> [EXERCISE] With both ends included, repeat exactly the lines of the entries below from the one containing "The Map visualization" down to the one containing "crashes during different", and no others.

> [SUPPLIED RECORDS]
Content starts

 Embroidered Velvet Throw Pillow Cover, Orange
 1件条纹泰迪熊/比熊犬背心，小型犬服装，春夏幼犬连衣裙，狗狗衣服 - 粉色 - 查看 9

Content ends
Content starts

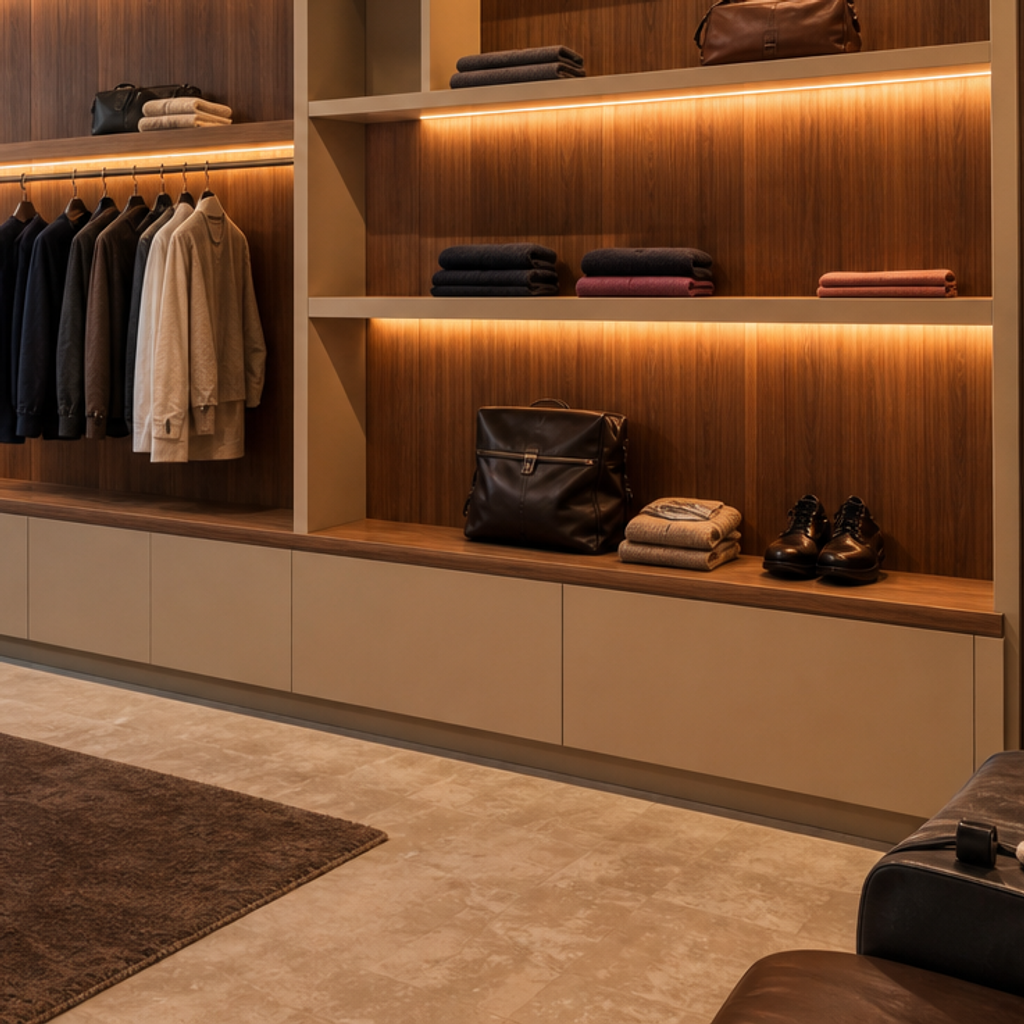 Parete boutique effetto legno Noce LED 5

Content ends
Content starts

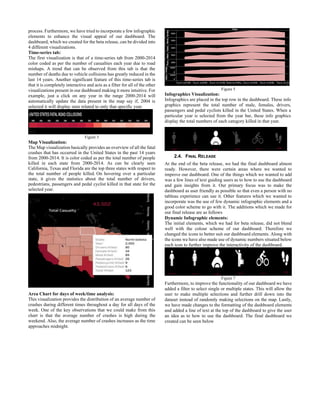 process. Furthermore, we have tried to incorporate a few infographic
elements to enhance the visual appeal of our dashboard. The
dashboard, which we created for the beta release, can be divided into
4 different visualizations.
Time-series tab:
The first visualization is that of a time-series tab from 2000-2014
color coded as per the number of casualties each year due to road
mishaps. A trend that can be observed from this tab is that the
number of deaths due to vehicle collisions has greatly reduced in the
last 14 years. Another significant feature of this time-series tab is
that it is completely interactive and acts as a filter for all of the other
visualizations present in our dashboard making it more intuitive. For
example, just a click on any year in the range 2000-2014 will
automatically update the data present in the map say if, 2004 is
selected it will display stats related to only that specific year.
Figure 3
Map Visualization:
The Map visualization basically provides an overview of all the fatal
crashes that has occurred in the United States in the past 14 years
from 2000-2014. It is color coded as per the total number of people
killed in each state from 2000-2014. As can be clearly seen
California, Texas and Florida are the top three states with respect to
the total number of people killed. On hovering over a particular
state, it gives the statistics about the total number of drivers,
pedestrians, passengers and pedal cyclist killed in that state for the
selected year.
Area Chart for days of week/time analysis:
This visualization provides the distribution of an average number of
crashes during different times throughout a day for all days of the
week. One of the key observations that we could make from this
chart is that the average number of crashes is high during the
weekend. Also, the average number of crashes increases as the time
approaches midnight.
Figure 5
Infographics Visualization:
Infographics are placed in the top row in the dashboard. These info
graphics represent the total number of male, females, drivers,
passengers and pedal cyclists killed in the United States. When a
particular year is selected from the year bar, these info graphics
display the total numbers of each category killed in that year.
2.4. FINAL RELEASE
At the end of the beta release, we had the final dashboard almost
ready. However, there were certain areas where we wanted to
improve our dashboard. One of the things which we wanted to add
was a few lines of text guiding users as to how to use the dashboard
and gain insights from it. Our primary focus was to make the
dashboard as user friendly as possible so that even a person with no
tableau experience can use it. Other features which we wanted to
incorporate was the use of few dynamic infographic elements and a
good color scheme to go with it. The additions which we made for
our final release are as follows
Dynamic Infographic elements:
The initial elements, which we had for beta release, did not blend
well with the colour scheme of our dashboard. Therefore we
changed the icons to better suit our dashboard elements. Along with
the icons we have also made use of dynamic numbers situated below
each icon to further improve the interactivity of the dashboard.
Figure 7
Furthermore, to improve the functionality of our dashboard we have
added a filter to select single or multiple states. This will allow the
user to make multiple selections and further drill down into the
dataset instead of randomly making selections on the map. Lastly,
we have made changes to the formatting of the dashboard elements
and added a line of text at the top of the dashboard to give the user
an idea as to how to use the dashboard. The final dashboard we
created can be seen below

Content ends

> [ANSWER BOX]
The Map visualization basically provides an overview of all the fatal
crashes that has occurred in the United States in the past 14 years
from 2000-2014. It is color coded as per the total number of people
killed in each state from 2000-2014. As can be clearly seen
California, Texas and Florida are the top three states with respect to
the total number of people killed. On hovering over a particular
state, it gives the statistics about the total number of drivers,
pedestrians, passengers and pedal cyclist killed in that state for the
selected year.
Area Chart for days of week/time analysis:
This visualization provides the distribution of an average number of
crashes during different times throughout a day for all days of the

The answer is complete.